EXERCISE AIM. Among the entries below, which lines run from the line with "Large vintage rug" through the line with "2017/07全配件 熱銷 大眾名錶G242-2"? Retype those, both ends included, exactly and without pictures.
--- DATA FOR THIS EXERCISE ---
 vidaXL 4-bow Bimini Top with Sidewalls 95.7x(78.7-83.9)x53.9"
---
--- DATA FOR THIS EXERCISE ---
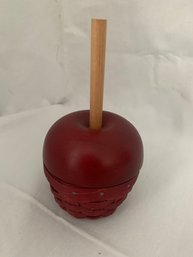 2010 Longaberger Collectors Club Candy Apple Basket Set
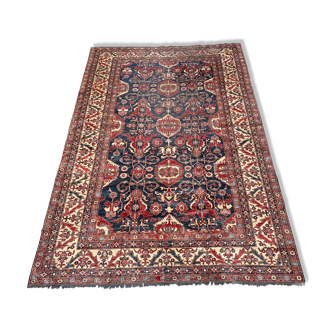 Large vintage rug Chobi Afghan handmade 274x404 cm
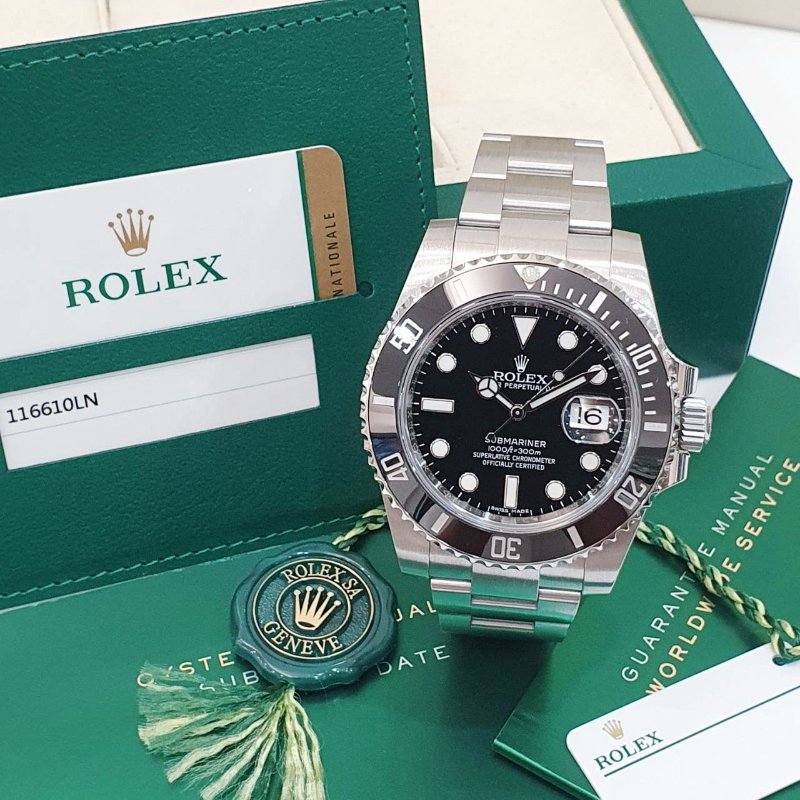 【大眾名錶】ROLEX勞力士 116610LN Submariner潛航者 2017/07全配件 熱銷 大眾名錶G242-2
---
EXPECTED OUTPUT.
 Large vintage rug Chobi Afghan handmade 274x404 cm
 【大眾名錶】ROLEX勞力士 116610LN Submariner潛航者 2017/07全配件 熱銷 大眾名錶G242-2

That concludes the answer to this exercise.